Many more Hong Kongers are thinking about moving to Britain | The Economist - "Man-yee Kan of Oxford University surveyed 1,000 Hong Kongers with British National Overseas (BNO) status for the Migration Observatory, a think-tank. She found that just over 6% had already applied to the British scheme or planned to. Since about 2.9m Hong Kongers have BNO status, that implies 186,000 people, plus their dependants. Remarkably, a further 32% were considering it. Some are vague about when they might apply, which suggests they are not serious—at least, not yet. But about 380,000 could apply within the next five years. They are the sort of immigrants any country should be happy to receive. Half of those planning to apply or considering doing so were born in the 1980s or 1990s (BNO status was given only to people born before Britain relinquished control of Hong Kong in 1997). They are more likely to be university-educated than the Hong Kongers who plan to stay, and more likely to be full-time employees. A slight majority are women. Those planning or pondering a move are disgruntled about the governance of Hong Kong. They expect to be freer in Britain, not more prosperous: 63% think their earnings will fall. They are probably right, at least about the short term. Even skilled migrants tend to struggle at first if they come without job offers, and many Hong Kong immigrants are still waiting for National Insurance numbers. A survey in August by Hongkongers in Britain, a self-help group, found that less than a third had found jobs in the country. But their fortunes will surely change. Many of the Asians who fled east Africa in the 1960s and 1970s came with nothing, and took years to find their feet. They ended up better educated than the average Briton, and more likely to hold top managerial and professional jobs."

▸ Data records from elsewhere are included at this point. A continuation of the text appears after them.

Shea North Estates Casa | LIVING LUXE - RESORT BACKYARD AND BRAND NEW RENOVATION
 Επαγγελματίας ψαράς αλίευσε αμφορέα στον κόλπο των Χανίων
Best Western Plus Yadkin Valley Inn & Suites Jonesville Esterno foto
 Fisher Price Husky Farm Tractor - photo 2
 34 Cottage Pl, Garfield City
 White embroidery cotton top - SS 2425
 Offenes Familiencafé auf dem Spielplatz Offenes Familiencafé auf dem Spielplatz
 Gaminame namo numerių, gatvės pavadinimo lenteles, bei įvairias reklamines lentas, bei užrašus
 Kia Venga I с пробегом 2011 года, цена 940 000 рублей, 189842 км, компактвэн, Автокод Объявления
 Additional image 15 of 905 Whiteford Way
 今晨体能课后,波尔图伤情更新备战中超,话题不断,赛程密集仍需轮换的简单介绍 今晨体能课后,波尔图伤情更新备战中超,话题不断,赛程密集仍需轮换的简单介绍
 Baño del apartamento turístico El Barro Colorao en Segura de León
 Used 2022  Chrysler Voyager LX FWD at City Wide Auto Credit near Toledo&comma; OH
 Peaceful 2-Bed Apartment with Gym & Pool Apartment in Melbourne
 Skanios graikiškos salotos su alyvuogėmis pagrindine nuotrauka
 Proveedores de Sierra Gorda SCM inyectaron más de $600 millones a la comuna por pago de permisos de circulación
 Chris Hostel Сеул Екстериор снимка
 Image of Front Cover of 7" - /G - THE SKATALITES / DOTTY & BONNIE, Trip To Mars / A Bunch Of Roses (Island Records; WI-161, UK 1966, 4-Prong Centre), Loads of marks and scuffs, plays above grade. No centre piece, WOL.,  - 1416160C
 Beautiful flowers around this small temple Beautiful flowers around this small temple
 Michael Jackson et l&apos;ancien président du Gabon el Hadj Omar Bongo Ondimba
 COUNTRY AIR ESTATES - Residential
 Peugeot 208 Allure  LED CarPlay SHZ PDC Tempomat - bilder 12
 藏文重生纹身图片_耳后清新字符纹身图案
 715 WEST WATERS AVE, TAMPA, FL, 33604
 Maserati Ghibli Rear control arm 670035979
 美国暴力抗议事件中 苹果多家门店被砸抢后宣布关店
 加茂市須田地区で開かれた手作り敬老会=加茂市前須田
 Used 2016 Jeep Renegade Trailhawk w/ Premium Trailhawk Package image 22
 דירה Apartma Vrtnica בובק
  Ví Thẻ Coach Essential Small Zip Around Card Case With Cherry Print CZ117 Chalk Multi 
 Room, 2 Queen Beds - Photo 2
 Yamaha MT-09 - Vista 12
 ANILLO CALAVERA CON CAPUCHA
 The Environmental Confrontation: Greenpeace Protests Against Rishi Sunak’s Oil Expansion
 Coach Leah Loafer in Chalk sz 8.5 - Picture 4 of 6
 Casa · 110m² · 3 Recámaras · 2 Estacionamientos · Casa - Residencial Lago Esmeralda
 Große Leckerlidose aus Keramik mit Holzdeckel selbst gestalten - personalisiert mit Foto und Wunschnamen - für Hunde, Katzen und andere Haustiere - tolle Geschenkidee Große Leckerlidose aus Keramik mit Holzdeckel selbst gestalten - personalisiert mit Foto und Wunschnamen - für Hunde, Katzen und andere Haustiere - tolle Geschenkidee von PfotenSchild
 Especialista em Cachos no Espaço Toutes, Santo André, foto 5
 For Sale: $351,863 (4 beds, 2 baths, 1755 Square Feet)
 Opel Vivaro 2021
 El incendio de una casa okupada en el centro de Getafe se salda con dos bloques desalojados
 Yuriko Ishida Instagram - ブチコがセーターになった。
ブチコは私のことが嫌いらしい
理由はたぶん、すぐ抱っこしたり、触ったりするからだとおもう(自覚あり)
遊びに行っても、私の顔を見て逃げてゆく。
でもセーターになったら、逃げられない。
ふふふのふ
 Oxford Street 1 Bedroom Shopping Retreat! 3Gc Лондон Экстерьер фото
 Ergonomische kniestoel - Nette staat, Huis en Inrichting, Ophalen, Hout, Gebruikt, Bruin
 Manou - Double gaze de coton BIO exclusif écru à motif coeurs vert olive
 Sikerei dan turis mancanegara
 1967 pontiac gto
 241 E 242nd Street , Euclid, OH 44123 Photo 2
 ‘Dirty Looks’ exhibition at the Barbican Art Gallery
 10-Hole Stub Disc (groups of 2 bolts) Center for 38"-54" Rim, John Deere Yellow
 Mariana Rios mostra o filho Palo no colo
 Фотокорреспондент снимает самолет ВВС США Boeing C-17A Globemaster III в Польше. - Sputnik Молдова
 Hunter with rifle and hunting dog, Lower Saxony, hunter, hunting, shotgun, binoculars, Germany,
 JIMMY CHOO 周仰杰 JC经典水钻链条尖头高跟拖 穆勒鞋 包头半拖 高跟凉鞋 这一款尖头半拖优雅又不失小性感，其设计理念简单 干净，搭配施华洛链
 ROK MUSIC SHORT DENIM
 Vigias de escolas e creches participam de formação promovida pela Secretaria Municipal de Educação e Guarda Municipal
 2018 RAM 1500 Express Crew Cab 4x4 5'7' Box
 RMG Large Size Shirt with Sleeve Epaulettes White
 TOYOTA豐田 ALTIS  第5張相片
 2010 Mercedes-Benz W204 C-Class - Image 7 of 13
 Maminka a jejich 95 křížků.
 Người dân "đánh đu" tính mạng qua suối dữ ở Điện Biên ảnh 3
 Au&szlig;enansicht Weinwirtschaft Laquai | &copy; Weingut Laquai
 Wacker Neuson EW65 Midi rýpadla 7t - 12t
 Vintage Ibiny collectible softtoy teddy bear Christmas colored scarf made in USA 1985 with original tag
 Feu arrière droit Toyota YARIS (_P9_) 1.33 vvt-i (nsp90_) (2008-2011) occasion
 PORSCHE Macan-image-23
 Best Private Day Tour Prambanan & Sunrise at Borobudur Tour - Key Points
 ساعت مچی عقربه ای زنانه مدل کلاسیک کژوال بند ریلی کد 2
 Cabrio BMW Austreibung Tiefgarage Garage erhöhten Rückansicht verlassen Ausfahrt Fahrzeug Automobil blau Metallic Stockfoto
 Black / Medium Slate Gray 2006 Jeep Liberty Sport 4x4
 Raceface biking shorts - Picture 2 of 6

From Dec 2021, before the UK opened BNO to those born after 1997 in Feb 2022
China shills still claim that only those born after 1997 want to migrate to the UK and that those who lived under the British know how bad life was and prefer Chinese rule
Survey finds majority of Hongkongers holding BN(O) visas in UK are university educated, married, don’t plan on coming back | South China Morning Post - "Most Hong Kong residents who successfully applied for a pathway to UK citizenship are university educated, married or in a relationship with children, and have no plans to return to the city, according to a British Home Office survey. The survey interviewed a random sample of 500 British National (Overseas) visa holders living in the United Kingdom last year, and was released on Monday – exactly a year since the scheme was launched on January 31, 2021... Some 88,900 Hongkongers have applied for the visa scheme since its introduction on January 31 last year, of whom 76,176 have been approved... about 96 per cent of successful applicants staying in Britain said they planned to stay indefinitely... most participants, or 61 per cent, were aged between 35 and 54 years old... 14 per cent were aged 55 to 64. The smallest age groups among visa holders were those aged over 65, at 4 per cent... Most survey participants said they were aware that leaving Hong Kong would mean accepting a lower-paying job and changing industries. But about 69.4 per cent said they were financially secure."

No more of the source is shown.